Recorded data
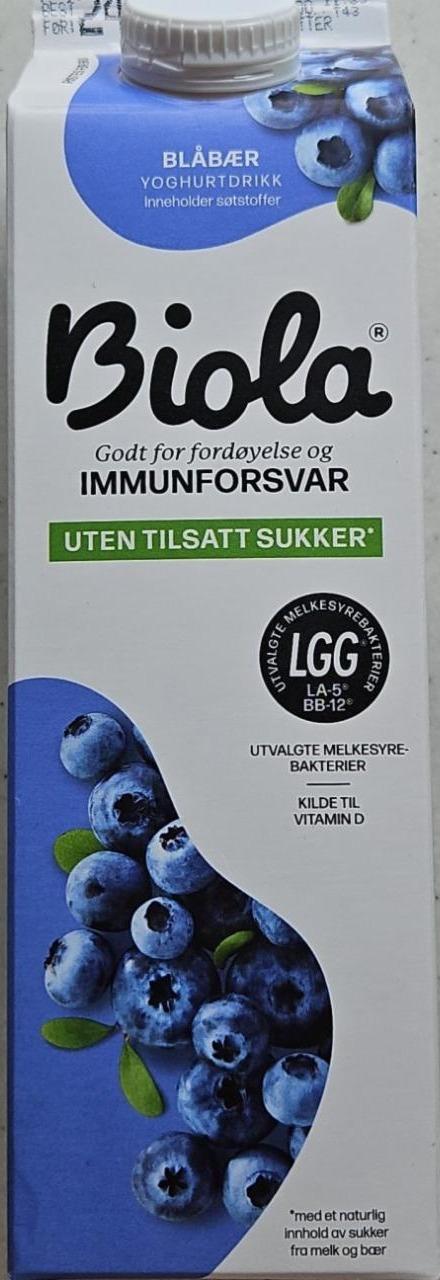 Фото - Immunforsvar uten tilsatt sukker Biola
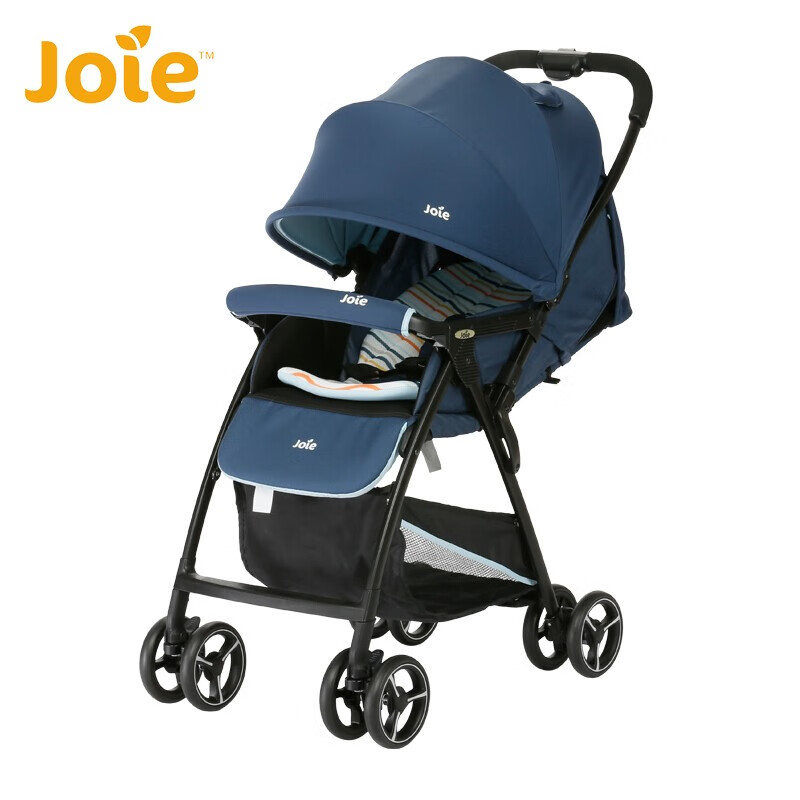 巧儿宜JOIE英国婴儿推车轻便易携带可折叠可坐可躺高景观儿童手推车凤蝶S1302蔚蓝色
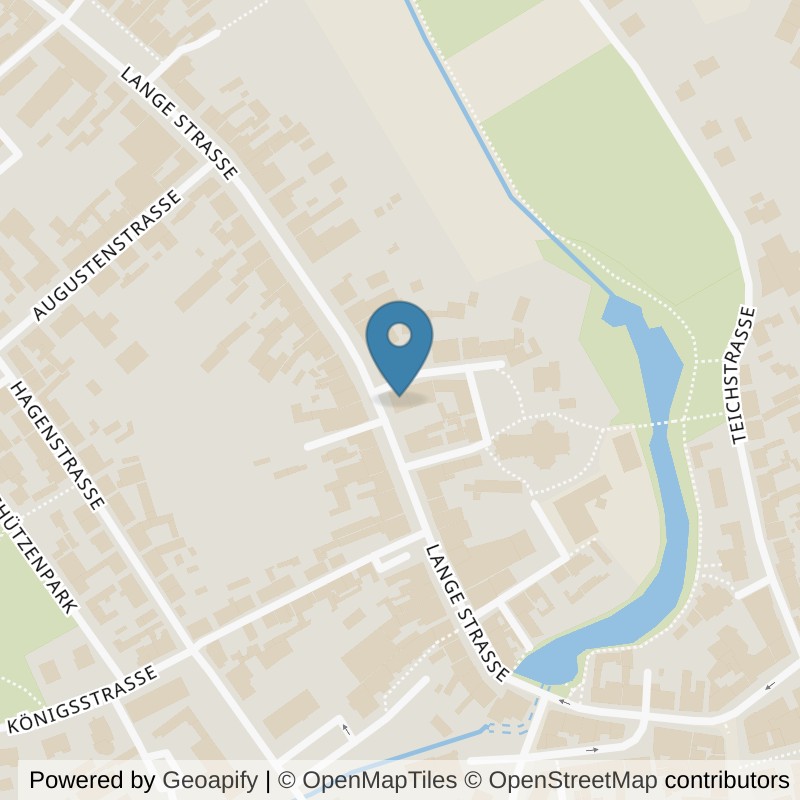 Map: location of fit+ Hagenow in Hagenow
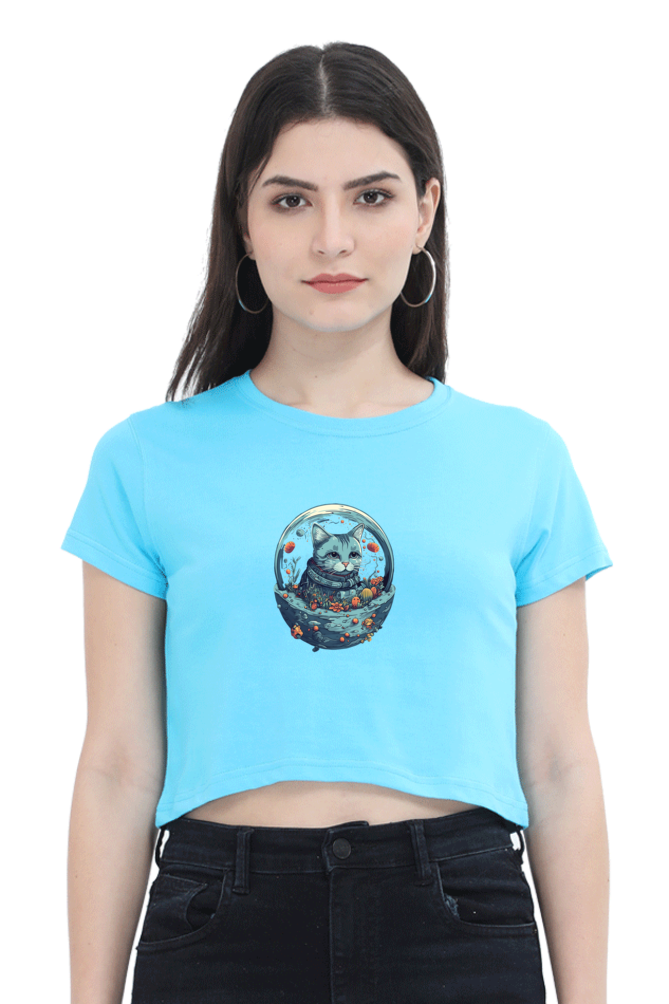 Purrito Female Crop Top - Shirt Graphic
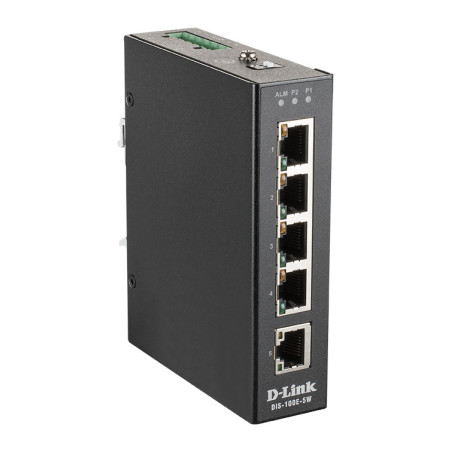 D-Link DIS-100E-5W switch di rete Non gestito L2 Fast Ethernet (10 100) Nero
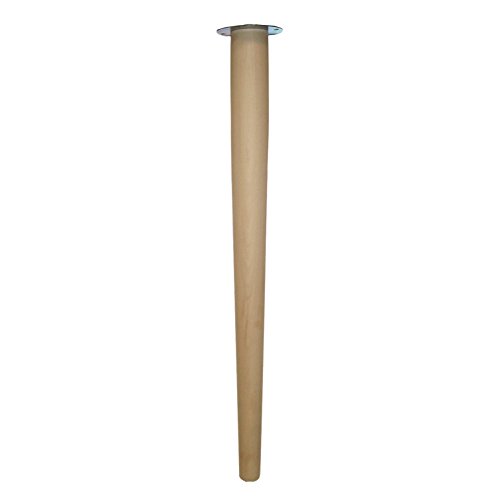 Home-System 67872 Tischbeine, sich verjüngend, Durchmesser 62 mm. Länge 750 mm, Holz von Home System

_Assignment:_ Restate all of the data word for word and include no pictures.

_Answer to this problem:_
 Фото - Immunforsvar uten tilsatt sukker Biola
 巧儿宜JOIE英国婴儿推车轻便易携带可折叠可坐可躺高景观儿童手推车凤蝶S1302蔚蓝色
 Map: location of fit+ Hagenow in Hagenow
 Purrito Female Crop Top - Shirt Graphic
 D-Link DIS-100E-5W switch di rete Non gestito L2 Fast Ethernet (10 100) Nero
 Home-System 67872 Tischbeine, sich verjüngend, Durchmesser 62 mm. Länge 750 mm, Holz von Home System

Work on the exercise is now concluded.